Just as the purpose of the mask during covid had absolutely nothing to do with ‘health’.
Thanks to the wonderfully funny Jenna McCarthy for this terminology





Just as I'm putting down my emptied coffee-mug (yes, mug - I don't drink out of a cup at home) to haul my aching body out into the drizzle and sub-zero fog to go turn over the top foot of soil in the growing-beds, up this pops, simply /forcing/ me to read it very slowly and carefully, and to respond in a manner most thoughtful.
Thanks for that, honestly.
You know, an ESG-DEI Kommissar-ette could ding you points for being so assured it was 2014 ten years ago. That's a Christo-centric perspective on horological* matters, you know. Surely we should wear some pin informing others what kind of time-keeping system we currently identify as being within.
Not having daughters and having a wife that hates going shopping (unless it's at a thrift-store or a flea-market) I haven't had the experience you describe, though I'm informed by the wife that it most certainly has something to do with testosterone/estrogen-levels. Don't know if she's joking or not - she's the one who was in Women's Studies, not me.
On the other hand, from helping mom shop (she's going on 80) I do know what you mean. She'll descend on the hard-ware store, mind set on a super-specific item. Not one she looked up in their catalogue, mind. No, one she thought up in her mind as being something they ought to have stocked.
Cue me trying to explain that "what you see is what you get", and that otherwise we must order via a specialist, and pay bespoke rates. Recently, it was a trimmer that was the issue. For the lawn. I found the lightest one, not even 5 kilos in total, no need to wear a harness for that one.
"Do they have a lighter one?** Is that the only colour it comes in?*** 85dB, why must it be so loud?**** Why is the machine so cheap and the battery so expensive?***** I want to go to the other stores that stock these kind of machines and compare****** No I don't want heavier version even if it is you that's going to use it most of the time, and certainly not a petrol-engine one*******"
It took about three hours in total to visit all the stores - at least we didn't have to drive around town. Maybe the three hours-thing is some coded imperative? Because every time I'm helping her shop, for whatever it is, it takes three hours. Meanwhile, the wife when I was buying a new suit recently (black of course) had to be bribed to come along and help make sure I look neither a clown nor a "Serbian gangster" (my father-in-law's opinion the first time he saw me "suited up").
*Hor in Swedish is a verb meaning "to commit adultery", making "Horology" look and sound like a dirty word.

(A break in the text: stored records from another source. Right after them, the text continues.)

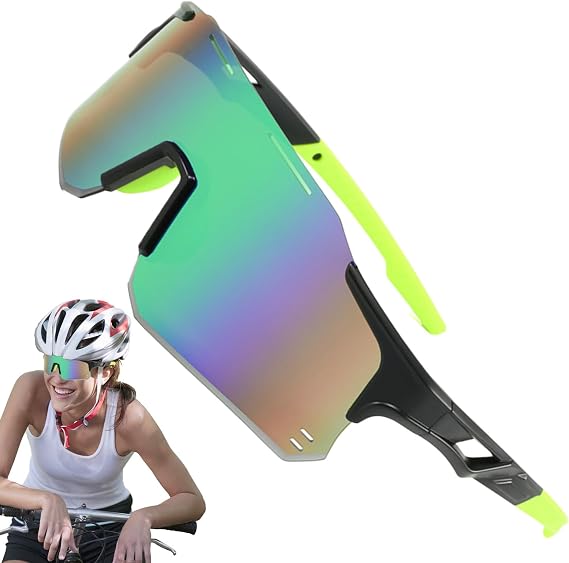 Sports Sunglasses - Outdoor All Weather Sports Goggles - Eyewear for Men Women Outdoor Sports Hiking Bicycle Running Fishing Driving Climbing Road Daily Activity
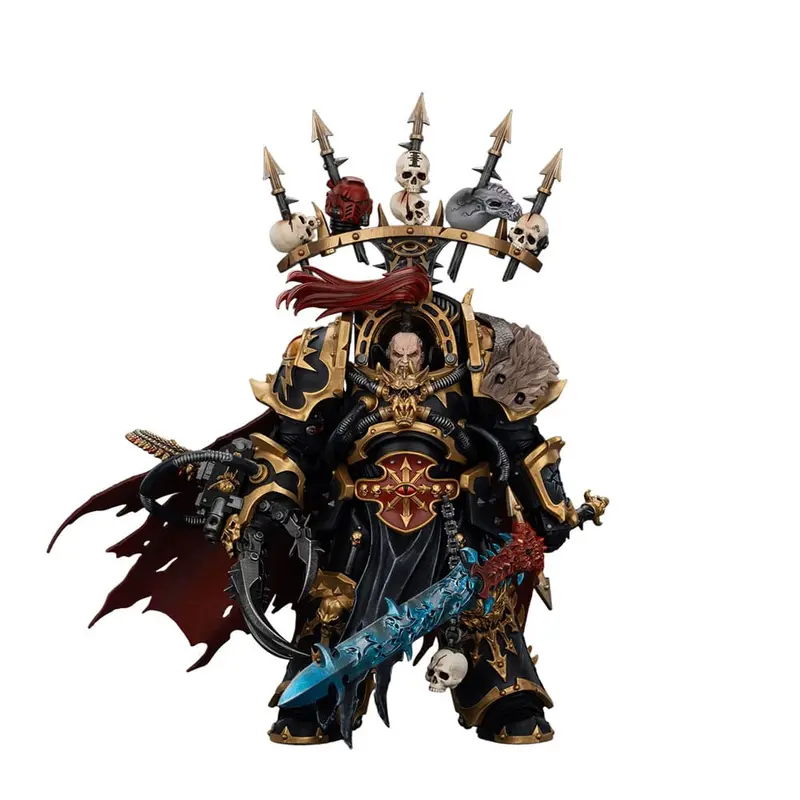 Warhammer 40,000 Actionfigur Black Legion Abaddon the Despoiler with Drach'nyen and the Talo 16 cm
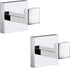 Towel Hooks for Bathrooms, Polished Chrome Towel Hook for Kitchen Bathroom, SUS304 Stainless Steel Coat Hook, Heavy Duty Towels Holder Hooks for H...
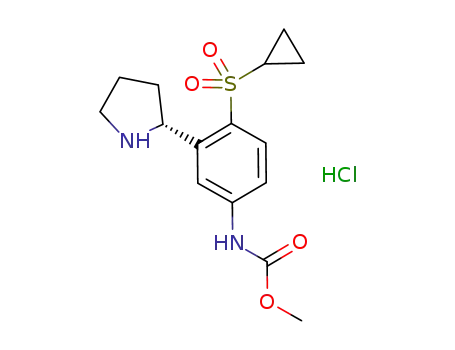 (R)-methyl 4-(cyclopropylsulfonyl)-3-(pyrrolidin-2-yl)phenylcarbamate hydrochloride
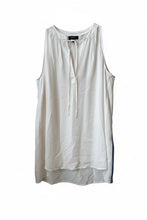 Load image into Gallery viewer, Theory Cream Silk Sleeveless Top
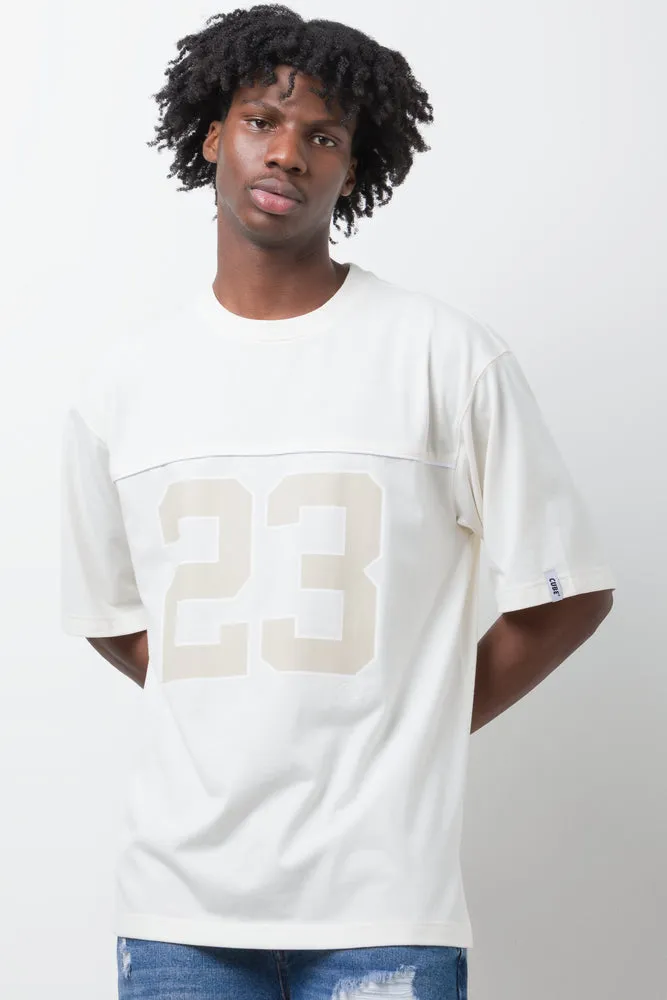 23 Short Sleeve T-Shirt White sold by Ackermas
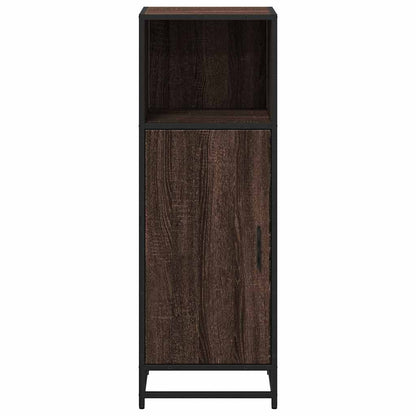 Bathroom Cabinet Brown Oak 35x37,5x100 cm Engineered Wood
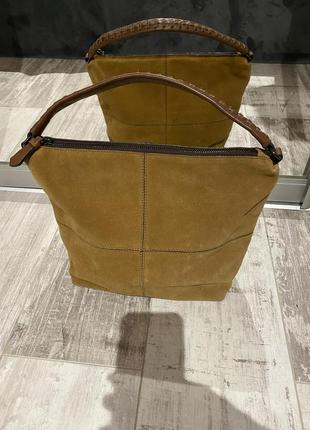 The bag-замшевая сумка с короткой ручной
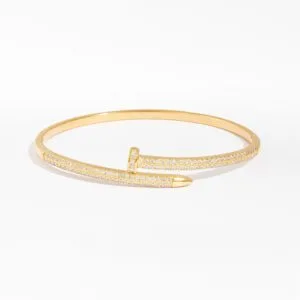 Bracelete Prego Banhado a Ouro 18k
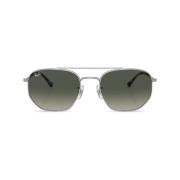 Zilveren Zonnebril Rb3707 371 Stijl Ray-Ban , Gray , Heren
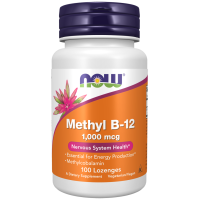 NOW Methyl B12 1000mcg Chewable Lozenges 100s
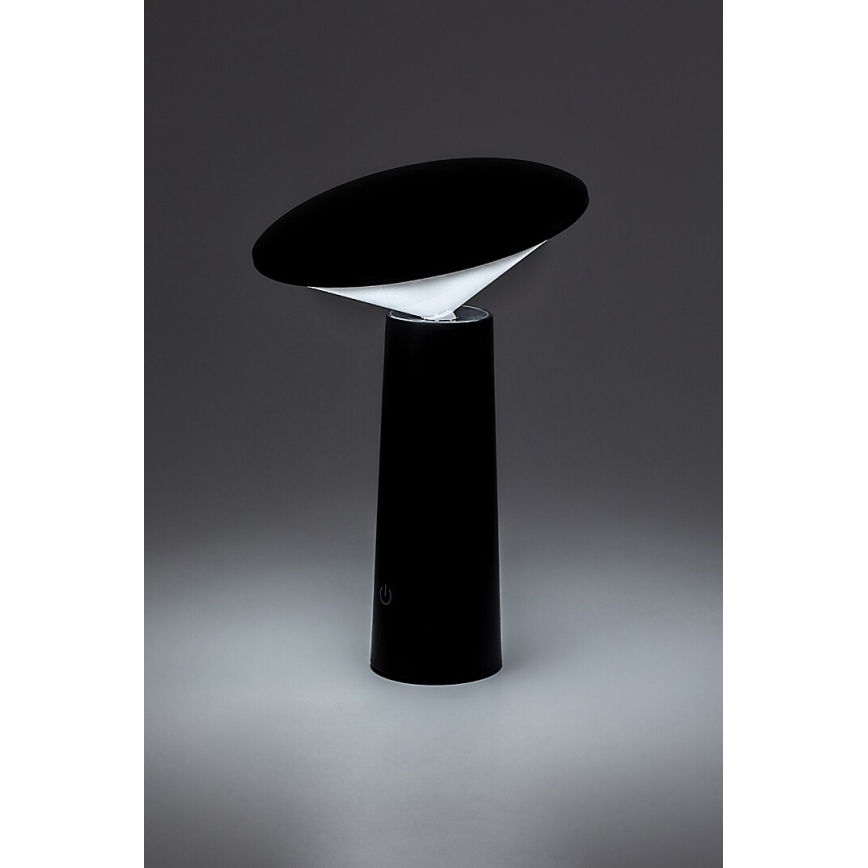 Rabalux - Candeeiro de mesa tátil LED com regulação POLPERRO LED/3W/3,7V 1200mAh preto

**No mother, I picked the lightest one, I already told you so three times.
***Colour isn't a consideration, it's the specs and the performance that matters, mother
****You're supposed to wear goggles and hearing protectors when using it, mother
*****Because the battery is the part that wears out the fastest, and only last ca 20 minutes, forcing you to buy several - that's why I suggested a petrol-one, they are better and cheaper in every way. Mother.
******Certainly we can do that but it's pretty much just variations on a theme. Mother. Dearest.
******* [Sound of teeth grating] Shouldn't I just sharpen and re-shaft grandpa's old scythe for you then? It's quiet, cheap, and weighs less than a trimmer?
In the end, she bought a battery-powered one, which she complains about endlessly, asking "Why did you let me buy that thing? It's too heavy for me. I can't spool up new thread on it, I just can't work the mechanism. Ohh, I worry about that battery. What if I forget it when charging and the house burns down?"
Ah well. The garden beckons.
To be fair, the total amount of suffering of women accompanying men to the DIY store is probably greater than the other way around...
Btw, I just realized that the main character of Home Improvement is called Tim, and is played by an actor named Tim.